Growing Greenhouse Gasses Hamper 2030 Targets

Greenhouse gas emissions across the European Union rose slightly in 2017, mostly because of the transport sector.

Preliminary estimates published on October 26 in the European Environment Agency’s (EEA) annual ‘trends and projections’ assessments show a 0.6% emissions increase in 2017 from 2016. This limited increase means that the EU is still expected to achieve its 2020 emissions reduction target, albeit by a narrower margin. However, national measures will need to be urgently stepped up to achieve the EU’s new reduction targets for 2030.

EU Member States cannot afford to take progress beyond 2020 for granted. The data clearly shows a need to break further the link between emissions and economic growth.

Hans Bruyninckx, EEA Executive Director said: "The ‘Trends and Projections in Europe' study includes an assessment of progress towards the EU’s climate targets, preliminary EU greenhouse gas emissions estimates for 2017, a specific analysis of trends and projections in the EU Emissions Trading System. It is published yearly by the EEA to take stock of the EU’s and Member States’ progress in meeting their climate and energy targets, which includes reducing greenhouse gas emissions by 20% compared to 1990 levels by 2020 and at least 40% by 2030.

"Member States must plan and deliver on ambitious policies and measures if we are to meet our 2030 targets and our Paris agreement commitments," Bruyninckx continued.

 

Greenhouse gas rise

According to the preliminary data, emissions in 2017 across the whole EU increased by 0.6% from the year before. This corresponds to a 21.9% drop in emissions between 1990 and 2017. The slight increase prolongs a relatively stable trend in emissions observed since 2014, after a 10-year period of almost continuous reductions between 2004 and 2014. The rise is mostly due to the increase of oil consumption from road transport.

The energy sector was able to reduce its emissions due to the decreasing share of coal used to produce electricity and heat in the EU.

 

Emissions Trading

In the EU Emissions Trading System, emissions from stationary installations increased by 0.2% in 2017 from 2016. Power generation continues to drive emission reductions in the trading system. Emissions trends for industrial installations have been more variable, reflecting the economic developments observed in Europe over the last three trading periods.

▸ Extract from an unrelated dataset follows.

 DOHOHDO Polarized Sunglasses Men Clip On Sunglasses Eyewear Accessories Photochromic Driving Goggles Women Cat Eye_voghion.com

Aviation emissions from intra-EU flights, which are also included, grew by 4.5% in 2017 compared to the year before. The overall surplus of emission allowances continued to decline, for the third consecutive year, as a result of inter alia lower volumes of allowances being allocated for free.

 

Effort Sharing

In 2017, emissions covered by the Effort Sharing Decision (ESD) (including transport, buildings, agriculture and waste) increased for the third year in a row. The rise was mostly driven again by the road transport sector. Twenty-two Member States have emitted less than their annual greenhouse gas emission targets under the ESD set for 2016. This number is estimated to have decreased to 18 Member States in 2017.

 

UK leading

While total emissions from the entire EU remain below the 2020 target, the latest projections show that greenhouse gas emissions increased in more than half (17) of the EU Member States in 2017. The largest absolute growth in emissions occurred in Spain. Poland and France also saw large growth in emissions. The largest declines compared with 2016 occurred in Denmark, Finland and the United Kingdom.

 

2030

According to reported projections, EU-wide reductions of emissions by 2030 will reach only 30% below 1990 levels, based on existing mitigation measures, and only 32% when additional planned mitigation measures are considered.

Only six Member States project emission levels below their respective 2030 targets under the EU’s Effort Sharing Regulation.

Picture: Greenhouse gas emissions across the European Union have risen because of transport.